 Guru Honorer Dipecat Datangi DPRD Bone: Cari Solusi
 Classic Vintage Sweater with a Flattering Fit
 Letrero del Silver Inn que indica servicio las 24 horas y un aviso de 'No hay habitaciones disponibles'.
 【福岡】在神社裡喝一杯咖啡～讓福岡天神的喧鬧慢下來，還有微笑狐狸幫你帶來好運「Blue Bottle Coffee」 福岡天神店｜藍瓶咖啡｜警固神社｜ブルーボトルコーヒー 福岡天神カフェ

| WHAT YOU SHOULD DO |
The full data must appear again, retyped in every detail.

| RESPONSE |
 Guru Honorer Dipecat Datangi DPRD Bone: Cari Solusi
 Classic Vintage Sweater with a Flattering Fit
 Letrero del Silver Inn que indica servicio las 24 horas y un aviso de 'No hay habitaciones disponibles'.
 【福岡】在神社裡喝一杯咖啡～讓福岡天神的喧鬧慢下來，還有微笑狐狸幫你帶來好運「Blue Bottle Coffee」 福岡天神店｜藍瓶咖啡｜警固神社｜ブルーボトルコーヒー 福岡天神カフェ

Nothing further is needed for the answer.